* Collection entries
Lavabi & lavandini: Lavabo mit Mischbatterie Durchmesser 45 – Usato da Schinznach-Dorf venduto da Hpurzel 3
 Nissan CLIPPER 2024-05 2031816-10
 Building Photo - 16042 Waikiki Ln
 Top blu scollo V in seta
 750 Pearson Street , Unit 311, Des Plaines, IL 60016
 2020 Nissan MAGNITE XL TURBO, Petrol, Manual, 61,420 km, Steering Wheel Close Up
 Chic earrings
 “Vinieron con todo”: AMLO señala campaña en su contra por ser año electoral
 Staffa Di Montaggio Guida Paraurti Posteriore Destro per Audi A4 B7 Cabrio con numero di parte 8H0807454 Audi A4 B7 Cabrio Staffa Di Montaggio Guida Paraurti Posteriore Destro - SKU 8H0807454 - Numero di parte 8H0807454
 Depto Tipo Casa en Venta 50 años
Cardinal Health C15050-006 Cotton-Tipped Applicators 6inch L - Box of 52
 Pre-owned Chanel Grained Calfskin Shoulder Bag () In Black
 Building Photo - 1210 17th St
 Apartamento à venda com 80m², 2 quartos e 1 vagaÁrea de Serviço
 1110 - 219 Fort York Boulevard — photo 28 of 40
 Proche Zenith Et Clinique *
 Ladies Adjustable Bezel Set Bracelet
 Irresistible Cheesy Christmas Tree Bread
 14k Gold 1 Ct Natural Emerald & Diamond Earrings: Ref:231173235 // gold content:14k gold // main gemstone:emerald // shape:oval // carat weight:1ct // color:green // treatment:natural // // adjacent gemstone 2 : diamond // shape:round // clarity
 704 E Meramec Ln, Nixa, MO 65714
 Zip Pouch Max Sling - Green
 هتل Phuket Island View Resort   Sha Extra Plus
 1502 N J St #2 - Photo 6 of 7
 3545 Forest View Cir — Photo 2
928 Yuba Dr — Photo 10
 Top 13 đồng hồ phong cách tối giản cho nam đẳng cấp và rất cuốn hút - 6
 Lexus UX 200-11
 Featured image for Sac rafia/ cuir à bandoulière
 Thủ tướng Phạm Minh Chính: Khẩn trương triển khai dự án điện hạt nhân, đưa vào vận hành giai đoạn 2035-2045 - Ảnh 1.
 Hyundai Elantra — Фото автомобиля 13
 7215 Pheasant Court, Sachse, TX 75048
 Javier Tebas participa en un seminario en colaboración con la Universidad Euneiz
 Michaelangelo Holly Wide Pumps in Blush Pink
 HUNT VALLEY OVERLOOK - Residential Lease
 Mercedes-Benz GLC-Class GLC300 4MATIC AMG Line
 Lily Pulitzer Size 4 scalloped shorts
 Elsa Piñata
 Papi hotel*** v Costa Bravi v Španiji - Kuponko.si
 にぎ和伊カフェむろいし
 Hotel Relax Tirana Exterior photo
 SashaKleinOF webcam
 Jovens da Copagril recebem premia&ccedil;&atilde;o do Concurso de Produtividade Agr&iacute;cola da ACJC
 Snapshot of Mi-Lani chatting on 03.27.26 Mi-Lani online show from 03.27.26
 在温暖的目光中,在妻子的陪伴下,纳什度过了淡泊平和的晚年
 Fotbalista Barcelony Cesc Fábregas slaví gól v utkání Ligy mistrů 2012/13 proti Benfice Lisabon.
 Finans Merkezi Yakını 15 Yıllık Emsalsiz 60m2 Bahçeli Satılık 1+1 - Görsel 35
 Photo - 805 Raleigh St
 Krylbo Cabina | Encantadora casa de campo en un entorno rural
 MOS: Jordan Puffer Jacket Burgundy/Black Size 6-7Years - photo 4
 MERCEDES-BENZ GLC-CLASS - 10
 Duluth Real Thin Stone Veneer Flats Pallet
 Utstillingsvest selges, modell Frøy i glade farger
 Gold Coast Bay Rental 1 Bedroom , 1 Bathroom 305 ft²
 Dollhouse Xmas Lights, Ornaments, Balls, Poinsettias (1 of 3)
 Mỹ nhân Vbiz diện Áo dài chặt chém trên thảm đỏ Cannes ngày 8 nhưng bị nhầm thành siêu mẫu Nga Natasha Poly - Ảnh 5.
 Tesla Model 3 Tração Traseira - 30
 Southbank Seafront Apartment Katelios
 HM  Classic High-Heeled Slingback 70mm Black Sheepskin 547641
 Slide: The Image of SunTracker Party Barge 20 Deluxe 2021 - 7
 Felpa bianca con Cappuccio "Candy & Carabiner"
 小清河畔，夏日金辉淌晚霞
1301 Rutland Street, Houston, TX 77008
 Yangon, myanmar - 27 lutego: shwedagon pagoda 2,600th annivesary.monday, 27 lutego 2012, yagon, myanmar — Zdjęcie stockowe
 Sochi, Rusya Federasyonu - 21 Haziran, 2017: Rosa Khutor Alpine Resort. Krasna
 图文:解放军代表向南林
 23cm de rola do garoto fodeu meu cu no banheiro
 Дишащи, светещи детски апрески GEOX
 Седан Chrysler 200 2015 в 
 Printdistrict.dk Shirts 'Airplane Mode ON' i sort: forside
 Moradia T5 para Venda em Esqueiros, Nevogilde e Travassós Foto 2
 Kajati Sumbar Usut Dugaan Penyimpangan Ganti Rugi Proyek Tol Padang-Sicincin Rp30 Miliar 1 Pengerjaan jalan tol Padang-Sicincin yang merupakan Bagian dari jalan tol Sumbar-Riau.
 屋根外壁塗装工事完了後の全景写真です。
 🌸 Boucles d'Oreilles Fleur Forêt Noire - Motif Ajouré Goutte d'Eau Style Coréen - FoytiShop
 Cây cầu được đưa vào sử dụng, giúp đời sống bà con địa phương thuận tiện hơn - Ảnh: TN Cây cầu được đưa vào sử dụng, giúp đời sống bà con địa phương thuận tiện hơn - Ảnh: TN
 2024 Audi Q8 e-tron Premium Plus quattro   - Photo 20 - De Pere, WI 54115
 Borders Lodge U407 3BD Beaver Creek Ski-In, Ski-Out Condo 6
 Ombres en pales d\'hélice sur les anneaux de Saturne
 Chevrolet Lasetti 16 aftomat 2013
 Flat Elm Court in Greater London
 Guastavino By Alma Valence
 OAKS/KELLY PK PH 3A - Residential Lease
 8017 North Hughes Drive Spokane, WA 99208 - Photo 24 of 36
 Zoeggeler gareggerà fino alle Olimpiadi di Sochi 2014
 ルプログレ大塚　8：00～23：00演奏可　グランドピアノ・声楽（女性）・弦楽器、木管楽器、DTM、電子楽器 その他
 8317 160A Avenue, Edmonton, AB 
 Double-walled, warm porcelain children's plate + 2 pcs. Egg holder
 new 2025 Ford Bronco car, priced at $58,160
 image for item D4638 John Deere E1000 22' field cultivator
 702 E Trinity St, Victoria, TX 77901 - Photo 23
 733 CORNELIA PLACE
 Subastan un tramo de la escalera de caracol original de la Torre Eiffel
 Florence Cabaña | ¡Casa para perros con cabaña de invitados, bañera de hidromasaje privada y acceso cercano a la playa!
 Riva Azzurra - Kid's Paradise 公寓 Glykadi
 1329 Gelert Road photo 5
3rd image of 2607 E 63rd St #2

* Task directions
Your answer must consist only of the lines from the one with "Ảnh: TN Cây" through the final line of the entries, each retyped exactly.

* Result
 Cây cầu được đưa vào sử dụng, giúp đời sống bà con địa phương thuận tiện hơn - Ảnh: TN Cây cầu được đưa vào sử dụng, giúp đời sống bà con địa phương thuận tiện hơn - Ảnh: TN
 2024 Audi Q8 e-tron Premium Plus quattro   - Photo 20 - De Pere, WI 54115
 Borders Lodge U407 3BD Beaver Creek Ski-In, Ski-Out Condo 6
 Ombres en pales d\'hélice sur les anneaux de Saturne
 Chevrolet Lasetti 16 aftomat 2013
 Flat Elm Court in Greater London
 Guastavino By Alma Valence
 OAKS/KELLY PK PH 3A - Residential Lease
 8017 North Hughes Drive Spokane, WA 99208 - Photo 24 of 36
 Zoeggeler gareggerà fino alle Olimpiadi di Sochi 2014
 ルプログレ大塚　8：00～23：00演奏可　グランドピアノ・声楽（女性）・弦楽器、木管楽器、DTM、電子楽器 その他
 8317 160A Avenue, Edmonton, AB 
 Double-walled, warm porcelain children's plate + 2 pcs. Egg holder
 new 2025 Ford Bronco car, priced at $58,160
 image for item D4638 John Deere E1000 22' field cultivator
 702 E Trinity St, Victoria, TX 77901 - Photo 23
 733 CORNELIA PLACE
 Subastan un tramo de la escalera de caracol original de la Torre Eiffel
 Florence Cabaña | ¡Casa para perros con cabaña de invitados, bañera de hidromasaje privada y acceso cercano a la playa!
 Riva Azzurra - Kid's Paradise 公寓 Glykadi
 1329 Gelert Road photo 5
3rd image of 2607 E 63rd St #2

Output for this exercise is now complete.